**What the task asks**
Which lines run from the one with "P51 Mustang Airplane" through the end of the data? Retype them exactly, without pictures.

Top of Input records

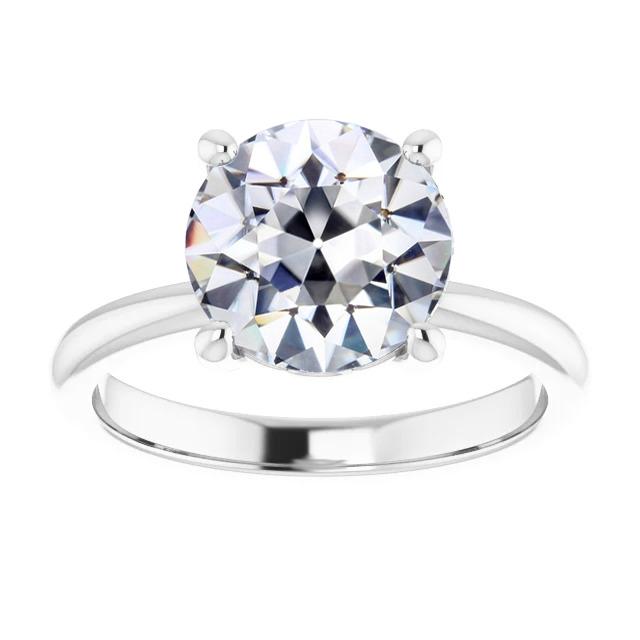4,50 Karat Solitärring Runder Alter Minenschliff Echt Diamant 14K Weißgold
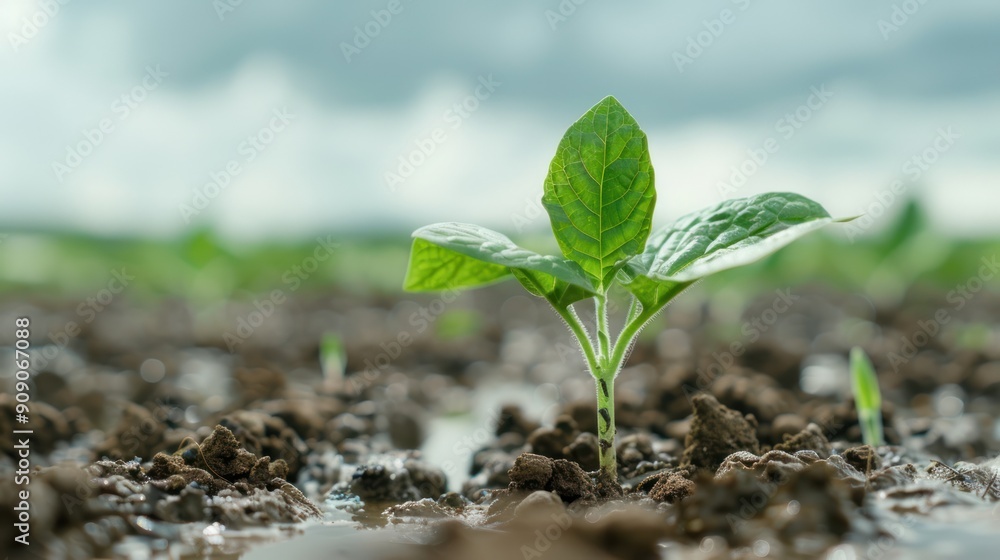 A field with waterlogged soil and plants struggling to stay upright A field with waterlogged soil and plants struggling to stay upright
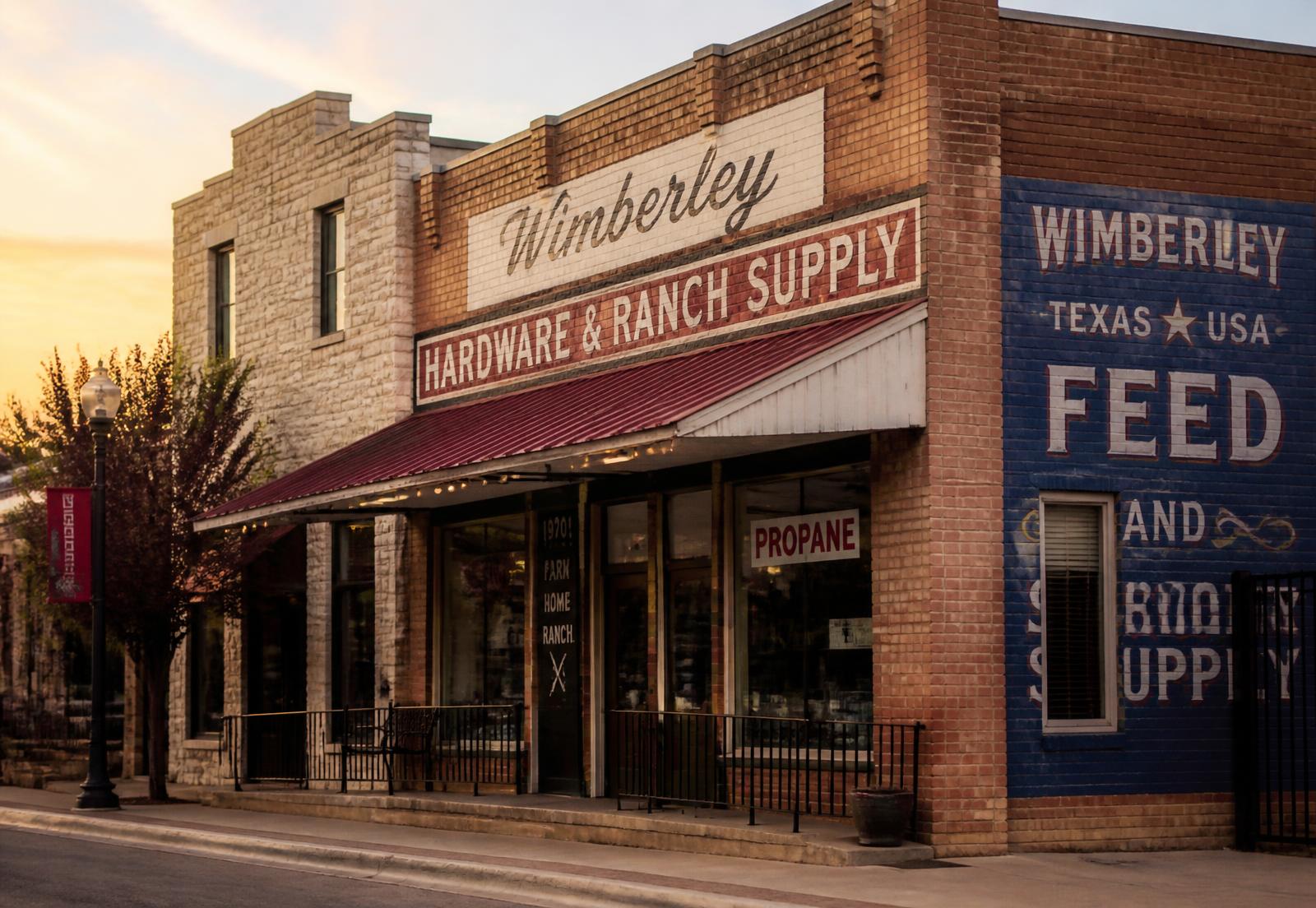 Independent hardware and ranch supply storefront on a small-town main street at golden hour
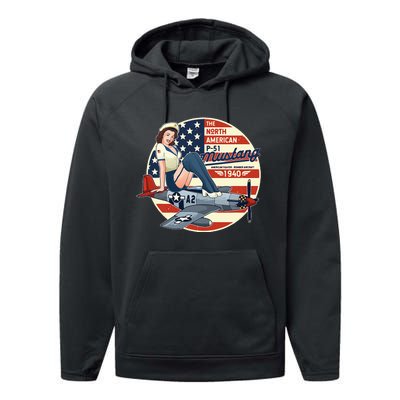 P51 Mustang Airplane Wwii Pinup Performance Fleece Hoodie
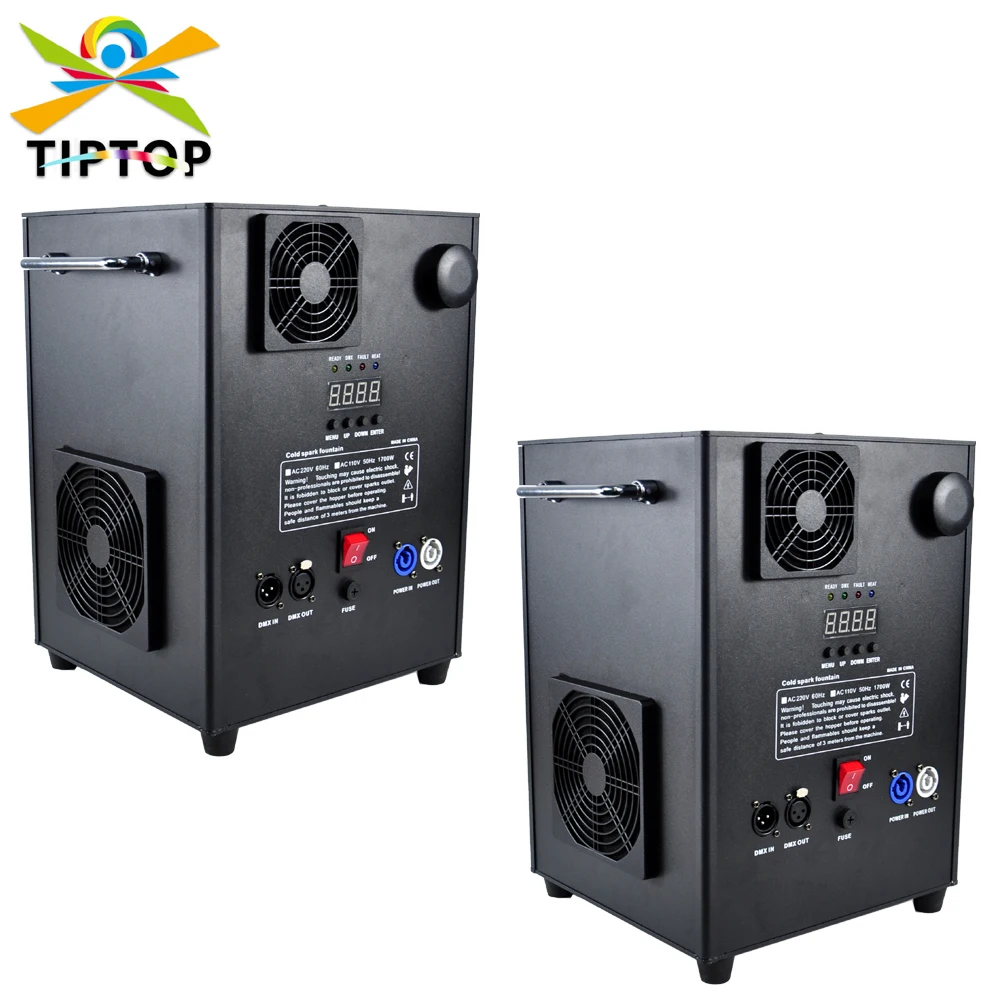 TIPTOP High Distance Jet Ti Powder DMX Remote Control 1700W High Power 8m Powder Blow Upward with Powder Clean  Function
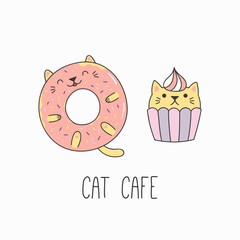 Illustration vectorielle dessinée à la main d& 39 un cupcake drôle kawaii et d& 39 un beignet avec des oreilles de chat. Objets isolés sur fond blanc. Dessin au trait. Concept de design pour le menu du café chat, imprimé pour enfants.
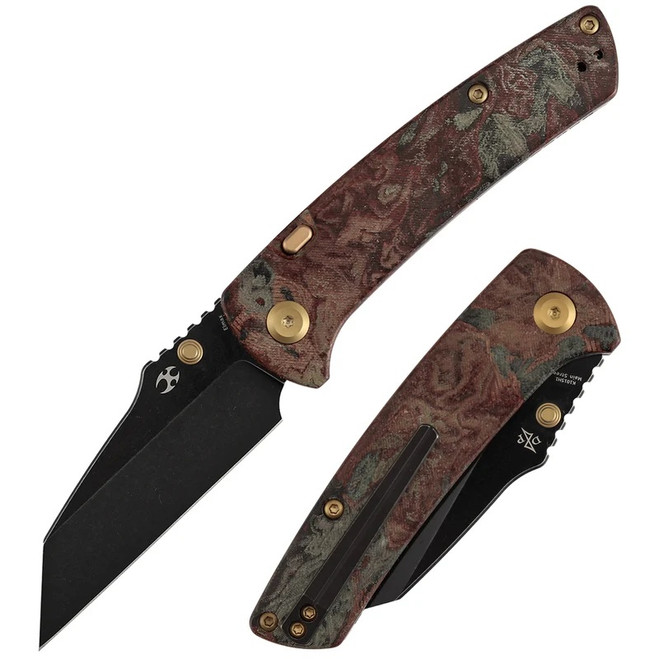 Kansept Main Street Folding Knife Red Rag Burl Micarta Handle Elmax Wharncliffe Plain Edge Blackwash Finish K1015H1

Bottom of Input records

**Answer for this exercise**
 P51 Mustang Airplane Wwii Pinup Performance Fleece Hoodie
 TIPTOP High Distance Jet Ti Powder DMX Remote Control 1700W High Power 8m Powder Blow Upward with Powder Clean  Function
 Illustration vectorielle dessinée à la main d& 39 un cupcake drôle kawaii et d& 39 un beignet avec des oreilles de chat. Objets isolés sur fond blanc. Dessin au trait. Concept de design pour le menu du café chat, imprimé pour enfants.
 Kansept Main Street Folding Knife Red Rag Burl Micarta Handle Elmax Wharncliffe Plain Edge Blackwash Finish K1015H1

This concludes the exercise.